As Clemens takes a stand against resellers, he stays true to Telfar’s motto: “Not for you — for everyone.” Telfar’s efforts to keep the bag accessible have prompted the industry to envision an idea of luxury that doesn’t involve elitism or exclusion. As the proud owner of an olive-green Telfar medium shopping bag, I can assure you that (if you can snag one) the impeccably designed and extremely sturdy product is well worth the investment!
“Phlemuns” by James Flemons
Many have characterized Phlemuns, founded by James Flemons, as a fashion company for the future. It’s true the genderless label proved that fashion doesn’t have to adhere to the gender binary, but Flemons isn’t designing for the future. He’s building a timeless legacy by pulling from the past: “I treat the clothes as these timeless stamps that will last,” Flemons shares in an interview with SSENSE. “It’s like I’m leaving breadcrumbs of myself that will exist forever.”

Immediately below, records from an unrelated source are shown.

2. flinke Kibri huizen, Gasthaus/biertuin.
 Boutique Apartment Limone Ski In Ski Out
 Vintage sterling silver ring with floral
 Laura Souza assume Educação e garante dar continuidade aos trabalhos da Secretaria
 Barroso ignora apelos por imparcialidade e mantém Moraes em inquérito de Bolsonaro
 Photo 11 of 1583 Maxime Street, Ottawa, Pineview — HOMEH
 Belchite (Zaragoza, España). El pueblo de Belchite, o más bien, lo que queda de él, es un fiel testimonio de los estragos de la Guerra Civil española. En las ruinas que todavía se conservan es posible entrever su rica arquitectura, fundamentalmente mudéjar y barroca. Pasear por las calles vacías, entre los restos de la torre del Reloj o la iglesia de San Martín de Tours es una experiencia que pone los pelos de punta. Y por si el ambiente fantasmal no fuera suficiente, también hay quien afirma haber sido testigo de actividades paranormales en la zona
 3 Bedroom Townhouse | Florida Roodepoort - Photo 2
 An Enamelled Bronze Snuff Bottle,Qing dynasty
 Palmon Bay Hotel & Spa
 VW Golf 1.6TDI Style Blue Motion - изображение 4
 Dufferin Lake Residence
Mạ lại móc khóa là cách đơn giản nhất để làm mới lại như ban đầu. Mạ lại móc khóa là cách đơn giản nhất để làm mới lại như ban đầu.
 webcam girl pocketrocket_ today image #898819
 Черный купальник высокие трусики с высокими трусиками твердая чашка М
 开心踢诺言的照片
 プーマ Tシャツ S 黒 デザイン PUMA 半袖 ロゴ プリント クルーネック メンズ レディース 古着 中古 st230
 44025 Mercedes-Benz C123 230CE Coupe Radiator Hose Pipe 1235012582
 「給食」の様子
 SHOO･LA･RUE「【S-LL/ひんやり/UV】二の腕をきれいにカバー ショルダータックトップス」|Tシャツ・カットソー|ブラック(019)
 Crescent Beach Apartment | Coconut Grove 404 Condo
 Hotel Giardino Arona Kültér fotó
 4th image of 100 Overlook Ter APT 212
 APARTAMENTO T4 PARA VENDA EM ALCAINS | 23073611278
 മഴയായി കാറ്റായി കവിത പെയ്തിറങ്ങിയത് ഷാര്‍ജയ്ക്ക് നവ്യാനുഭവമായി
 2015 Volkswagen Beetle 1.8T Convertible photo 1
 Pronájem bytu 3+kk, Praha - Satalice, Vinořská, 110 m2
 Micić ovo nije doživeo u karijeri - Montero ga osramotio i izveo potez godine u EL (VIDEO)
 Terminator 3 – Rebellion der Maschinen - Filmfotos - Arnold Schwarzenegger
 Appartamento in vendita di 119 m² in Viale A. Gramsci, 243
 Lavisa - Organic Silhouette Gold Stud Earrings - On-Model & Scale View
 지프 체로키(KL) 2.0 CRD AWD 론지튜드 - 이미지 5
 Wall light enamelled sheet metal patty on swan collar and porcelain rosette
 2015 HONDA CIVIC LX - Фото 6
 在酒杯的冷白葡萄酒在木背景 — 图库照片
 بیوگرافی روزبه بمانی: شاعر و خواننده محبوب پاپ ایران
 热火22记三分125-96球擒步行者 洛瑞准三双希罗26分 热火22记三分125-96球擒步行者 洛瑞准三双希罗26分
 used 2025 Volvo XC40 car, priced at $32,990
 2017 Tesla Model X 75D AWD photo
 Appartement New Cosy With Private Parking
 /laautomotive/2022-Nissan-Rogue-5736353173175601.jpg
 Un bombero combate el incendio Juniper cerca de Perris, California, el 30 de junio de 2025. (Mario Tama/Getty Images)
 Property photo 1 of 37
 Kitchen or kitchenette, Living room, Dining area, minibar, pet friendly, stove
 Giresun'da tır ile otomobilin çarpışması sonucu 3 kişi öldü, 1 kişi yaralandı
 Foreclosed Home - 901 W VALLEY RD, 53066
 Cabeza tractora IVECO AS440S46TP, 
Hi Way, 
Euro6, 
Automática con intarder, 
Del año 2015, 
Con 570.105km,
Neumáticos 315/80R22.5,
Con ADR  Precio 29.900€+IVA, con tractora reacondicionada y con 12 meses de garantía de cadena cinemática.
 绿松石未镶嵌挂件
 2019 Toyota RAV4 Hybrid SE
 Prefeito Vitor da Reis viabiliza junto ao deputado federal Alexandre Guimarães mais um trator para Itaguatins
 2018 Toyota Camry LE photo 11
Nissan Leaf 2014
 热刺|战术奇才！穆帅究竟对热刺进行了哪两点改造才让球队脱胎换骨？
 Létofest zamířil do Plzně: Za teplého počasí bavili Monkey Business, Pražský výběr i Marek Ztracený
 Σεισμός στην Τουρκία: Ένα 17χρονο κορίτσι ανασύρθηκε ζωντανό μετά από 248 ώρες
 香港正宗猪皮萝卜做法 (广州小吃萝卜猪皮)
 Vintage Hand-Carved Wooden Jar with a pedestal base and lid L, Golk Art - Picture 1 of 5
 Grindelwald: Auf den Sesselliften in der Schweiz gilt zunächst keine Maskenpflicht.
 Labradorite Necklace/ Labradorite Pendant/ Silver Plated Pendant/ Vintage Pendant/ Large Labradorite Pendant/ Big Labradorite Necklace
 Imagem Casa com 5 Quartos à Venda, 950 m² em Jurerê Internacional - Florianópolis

Flemons creates these timeless pieces by analyzing the Black art and fashion of the last century. The designer especially admires gender-fluid elements of African American fashion of the ’70s, and his 2017 denim capsule sourced denim entirely from thrift stores. The company’s appeal isn’t its constant evolution, but Flemons’ ability to recognize which elements of the past will speak to today’s audiences.